Otro de los aspectos más interesantes del ciclo «Agonías de nuestro tiempo» es el sorprendente protagonismo que, a lo largo sobre todo de la primera de las tres novelas, adquiere el filósofo danés Søren Kierkegaard, del que José Larrañaga se declara lector y admirador. Dicha presencia resulta especialmente curiosa porque, pese a ser un gran lector de autores como Dostoievski, Nietzsche, Schopenhauer o el propio Kierkegaard, considerados todos ellos como precursores más o menos directos del existencialismo sartriano, Baroja consideraba —y así lo expresó en sus memorias— que, como corriente filosófica, el existencialismo era «una pequeña secta», llena de «vulgaridades confusas», y sin ningún pensamiento profundo digno de ser tenido en cuenta: «Ya la denominación de este sistema existencialista nos parece a la mayoría una vacuidad o una fantasía. Las demás denominaciones de carácter filosófico, desde el principio, nos indican con claridad la base en la que se apoyan. Realismo, idealismo, materialismo, espiritualismo, escepticismo…, todo esto es claro. Pero ¿qué quiere decir existencialismo? Yo creo que no quiere decir nada; casi parece un camelo» (Baroja, OC II, 1997: 33). En el caso concreto de Kierkegaard, cuyas ideas defiende Larrañaga en El gran torbellino del mundo, Baroja criticó con cierta ironía sus teorías para terminar señalando, en una argumentación que evidencia la fecha en la que están escritas sus memorias (a mediados de los años cuarenta, cuando ya ha terminado la Segunda Guerra Mundial y se han visto las consecuencias del uso perverso que Hitler y el nazismo hicieron de conceptos filosóficos de raíz nietzscheana como «voluntad de poder», «superhombre» o «muerte de Dios»), que, leída fuera de su contexto, la filosofía existencialista puede ser muy peligrosa:
Kierkegaard hace una poda de todo lo que cree que oscurece el conocimiento del ser humano, y encuentra que la base de la personalidad es la angustia y la preocupación por Dios; algo muy próximo a la inquietud de Pascal.

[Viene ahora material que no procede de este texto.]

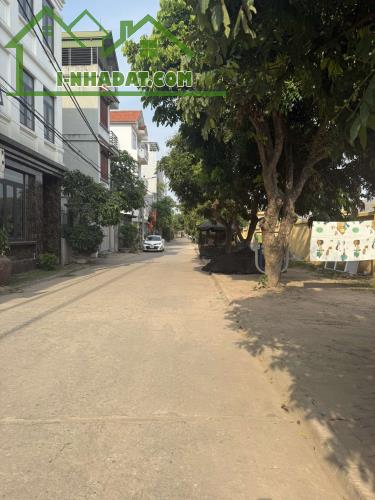 Đất Trâu Quỳ đường oto tránh nhau giá nhỉnh 5 tỷ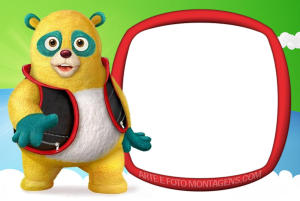 Urso Agente Especial Oso sorrindo, moldura vermelha, fundo céu azul e verde.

Esto puede ser cierto para él, pero no para todos los hombres. Schopenhauer hizo también su poda, y encontró que el fondo de la vida era la voluntad; los materialistas creyeron que era la fuerza; Nietzsche, el instinto de vivir, la voluntad de dominio y la superación de la muerte.
No parece que la angustia sea la raíz única de la vida.

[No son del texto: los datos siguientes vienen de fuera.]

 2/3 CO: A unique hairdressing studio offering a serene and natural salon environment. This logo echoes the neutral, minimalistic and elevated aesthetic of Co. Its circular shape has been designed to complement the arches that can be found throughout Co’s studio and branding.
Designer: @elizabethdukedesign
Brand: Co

Yo, la angustia la he sentido muchas veces en el hipogastrio; pero nunca he creído que fuera una manifestación de sabiduría, sino resultado de la acción del nervio vago.
[…]
Hay quien cree que esta filosofía existencial puede servir de legitimación y de tapadera a todas las tendencias egoístas y malvadas del hombre, ya sean individuales o colectivas.

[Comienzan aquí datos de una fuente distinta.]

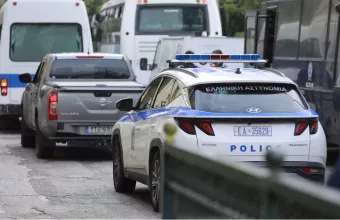 Μεταγωγή στο εισαγγελέα του δράστη της γυναικοκτονίας στους Αμπελόκηπους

Por la necesidad de lo existencial se puede defender el egoísmo propio, el sacrificio de los demás, y colectivamente, el despotismo y la conquista del espacio vital.
No cabe duda que, como Shakespeare, y no recuerdo la frase con exactitud, el diablo puede servirse para sus fines de los textos de la Escritura (Baroja, OC II, 1997: 36).
No obstante esta opinión negativa, es verdad que, a lo largo de toda la trilogía, las reflexiones del protagonista en torno a temas como el progreso, la religión o el sentido de la vida adquieren tal grado de escepticismo que algún crítico ha llegado a calificarle «como una especie de héroe existencialista fracasado, algo kierkegaardiano» (Kerson, 1986: 71), en el sentido de que dicho personaje encarna ciertos rasgos (la defensa del individuo frente a cualquier otra entidad, la afirmación de la voluntad o la conciencia del dolor implícito a la existencia) que están presentes en otras muchas novelas de Baroja y que, sin responder estrictamente al existencialismo ortodoxo, que todavía no existía como tal en este momento, sí emparentan con lo que después caracterizará ese pensamiento.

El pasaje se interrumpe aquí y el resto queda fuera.